- _ENTRIES PROVIDED_
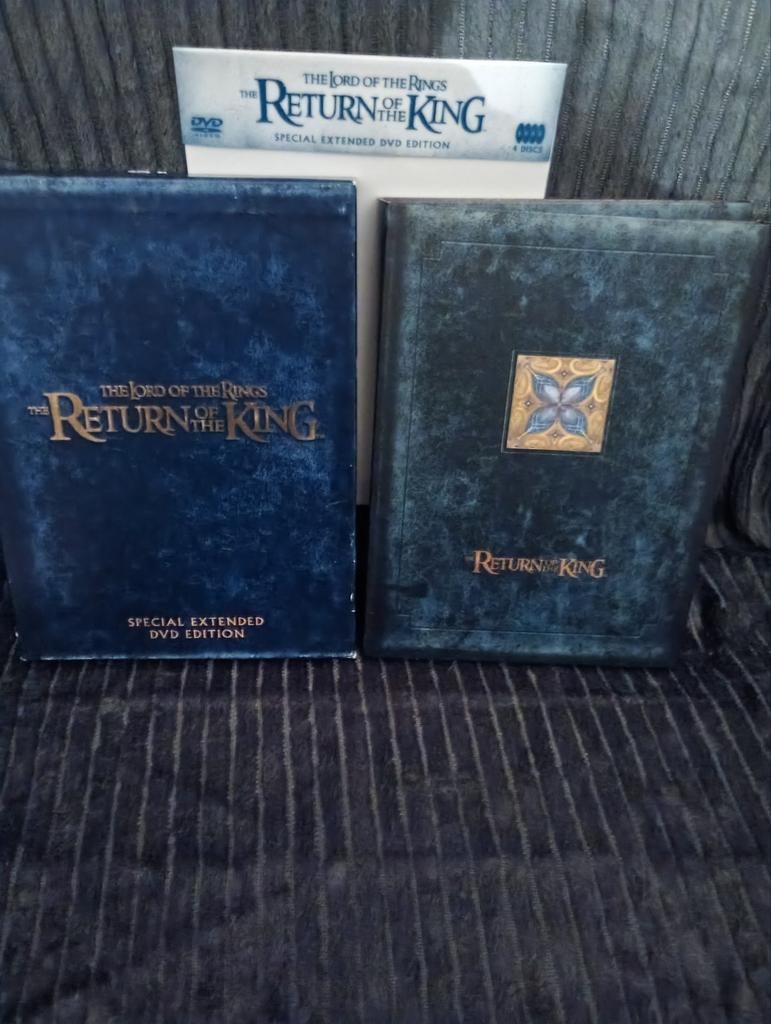 Lord of the Rings Return of the King Special Extended DVD, Ophalen of Verzenden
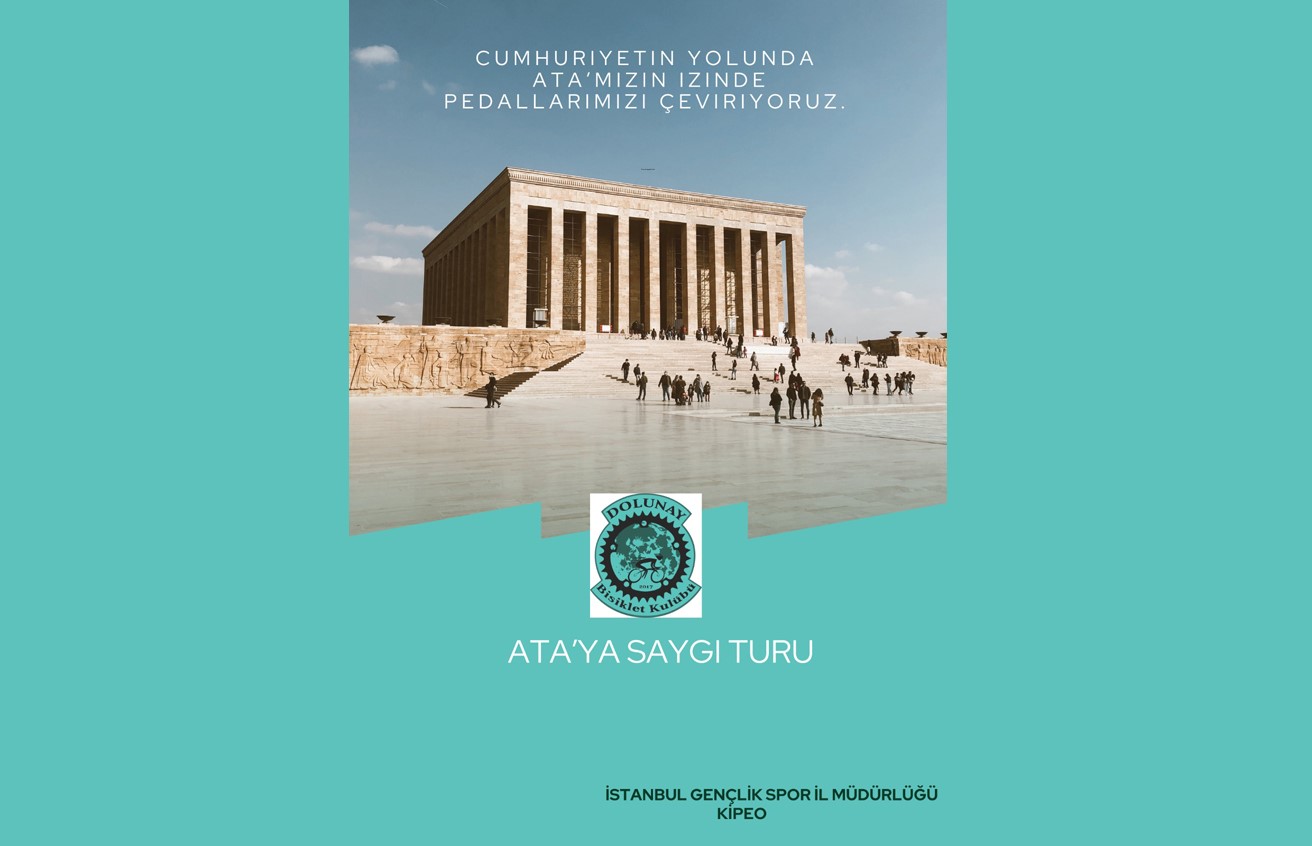 Ata’ya saygı için pedallayacaklar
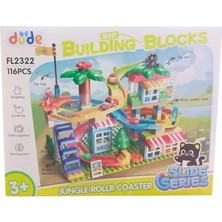 Kiddico Toys 116 Prç Monte Edilebilir Yapı Seti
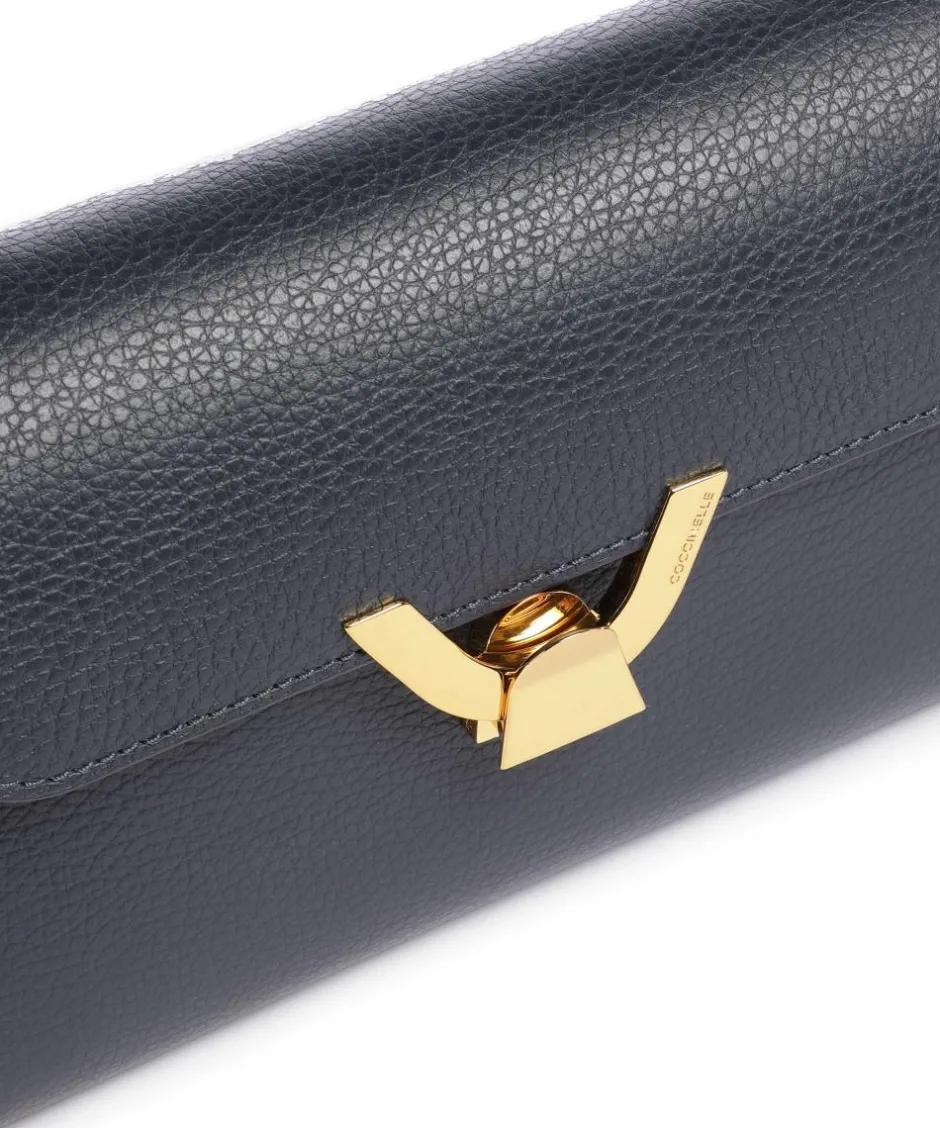 Coccinelle Clutch & Evening Bags|Shoulder Bags-Dew Shoulder bag grained cow leather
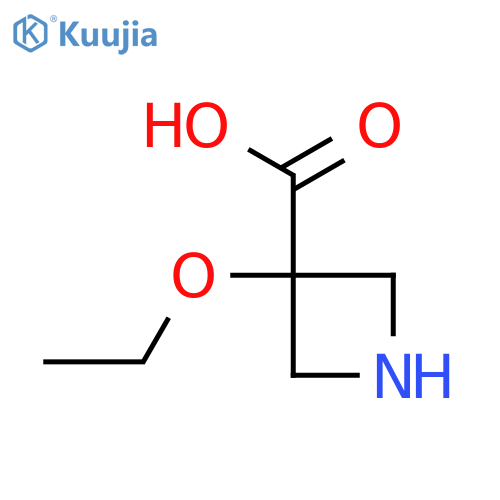 3-Ethoxyazetidine-3-carboxylic acid structure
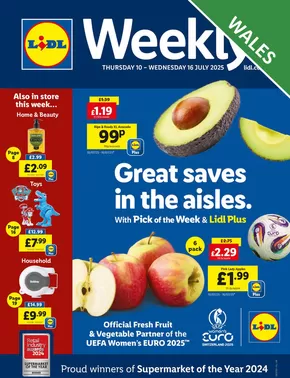Lidl catalogue in Tamworth | Top offers for all bargain hunters | 2025-07-10T00:00:00.000Z - 2025-07-16T00:00:00.000Z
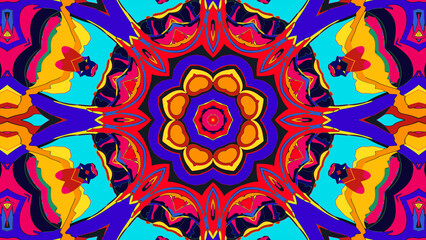 abstract fractal background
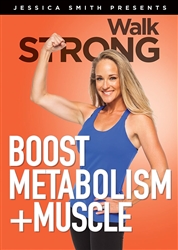 Jessica Smith Walk Strong Boost Metabolism and Muscle DVD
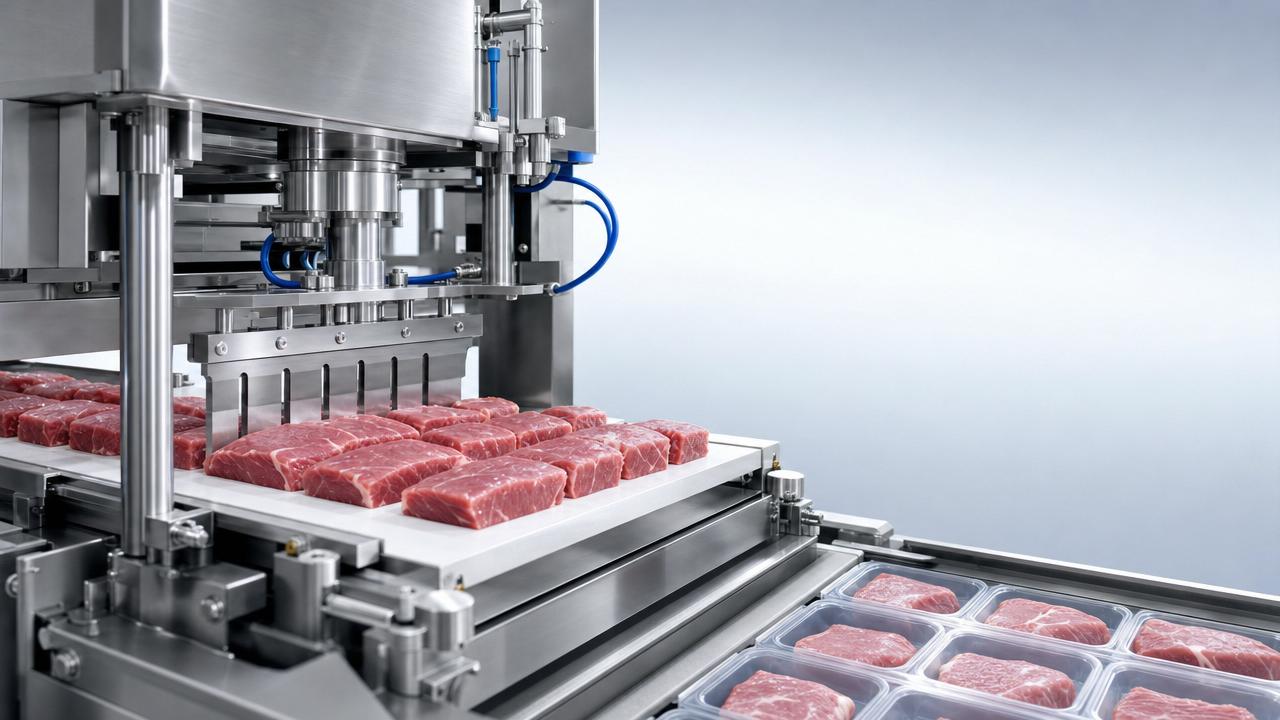 How ultrasonic meat processing changes yield and texture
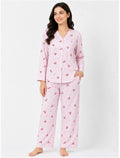 BARBARY V-NECK CO-ORD SET'S SBSVJ-04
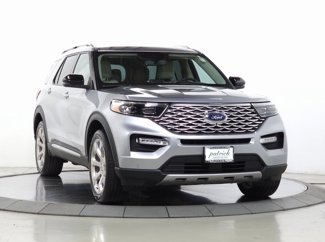 Used 2020 Ford Explorer Platinum w/ Premium Technology Package image 1
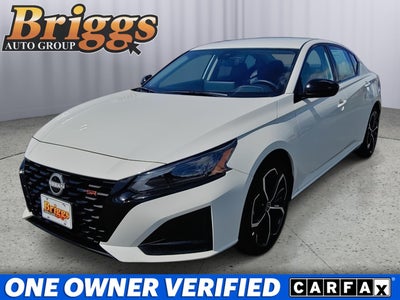 2026 Nissan Altima SR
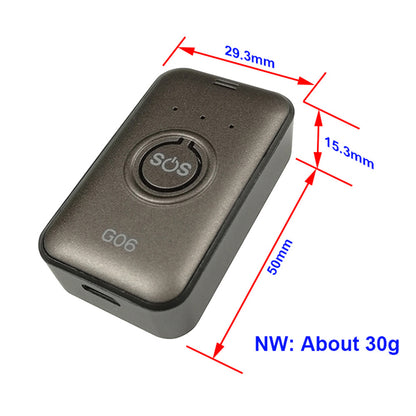GPS Tracker for Elderly and Children Real-Time Positioning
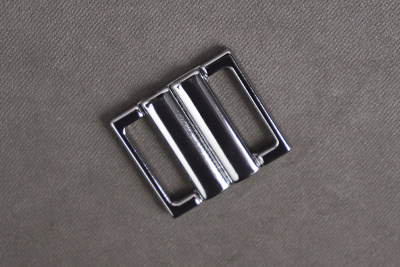 Застёжка для купальника металл 15мм Никель - изображение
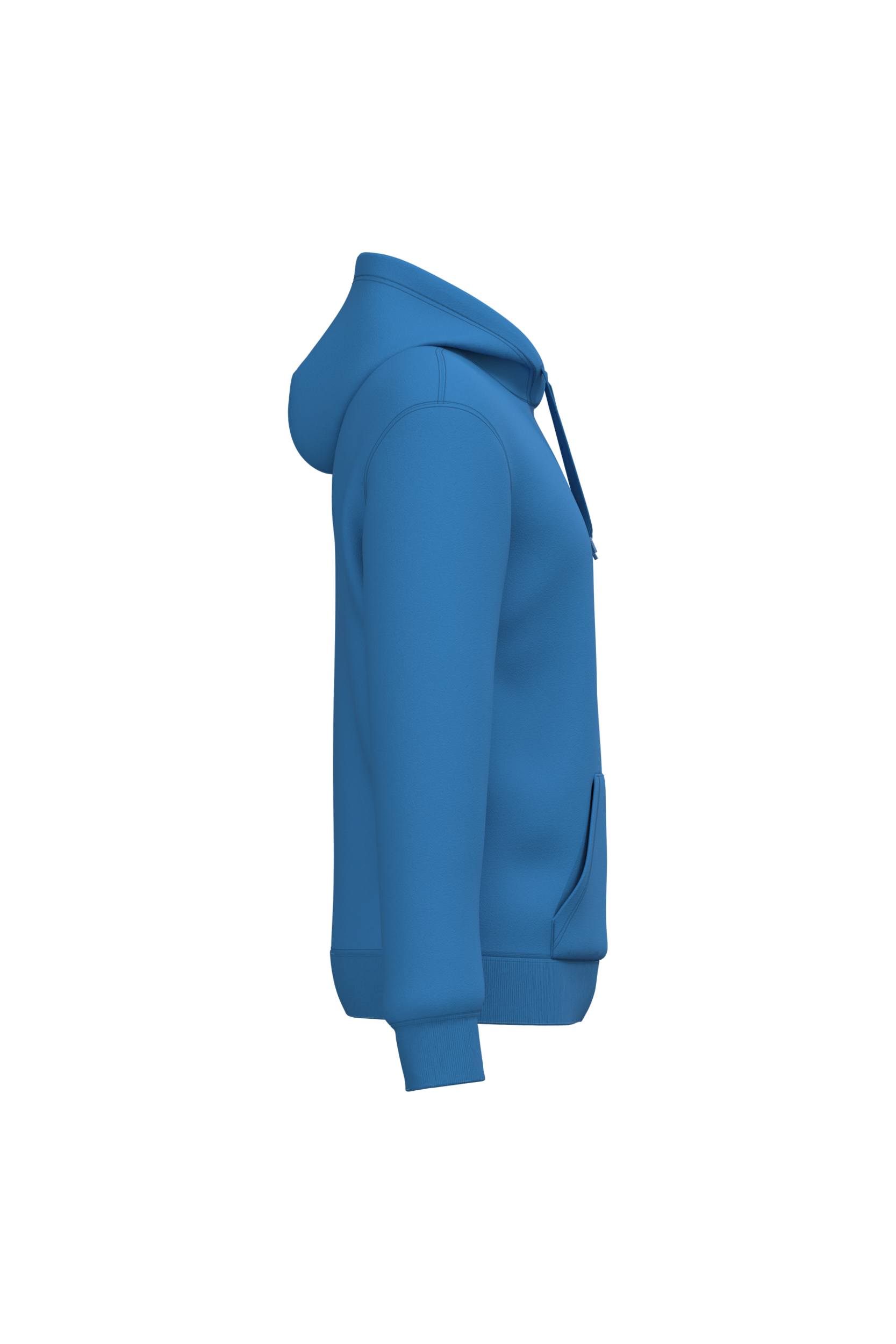 Sweat-shirt recyclé à capuche unisexe - Image 47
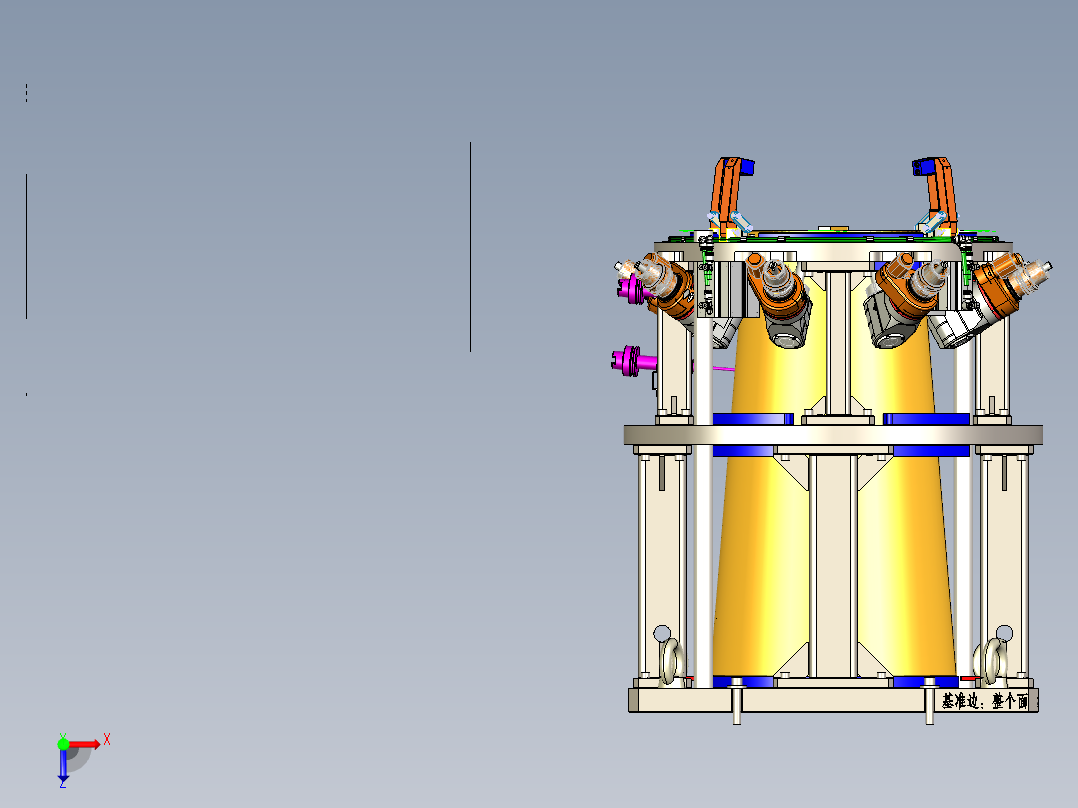 SHY-jb7-1_1-11-治具装备图俯视图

- _HOW TO COMPLETE THIS TASK_
Reproduce the opening lines of the material above exactly, ending with the line that contains "Sweat-shirt recyclé à". Omit every picture.

- _RESULT FOR THIS TASK_
 Lord of the Rings Return of the King Special Extended DVD, Ophalen of Verzenden
 Ata’ya saygı için pedallayacaklar
 Kiddico Toys 116 Prç Monte Edilebilir Yapı Seti
 Coccinelle Clutch & Evening Bags|Shoulder Bags-Dew Shoulder bag grained cow leather
 3-Ethoxyazetidine-3-carboxylic acid structure
Lidl catalogue in Tamworth | Top offers for all bargain hunters | 2025-07-10T00:00:00.000Z - 2025-07-16T00:00:00.000Z
 abstract fractal background
 Jessica Smith Walk Strong Boost Metabolism and Muscle DVD
 How ultrasonic meat processing changes yield and texture
 BARBARY V-NECK CO-ORD SET'S SBSVJ-04
 Used 2020 Ford Explorer Platinum w/ Premium Technology Package image 1
 2026 Nissan Altima SR
GPS Tracker for Elderly and Children Real-Time Positioning
 Застёжка для купальника металл 15мм Никель - изображение
 Sweat-shirt recyclé à capuche unisexe - Image 47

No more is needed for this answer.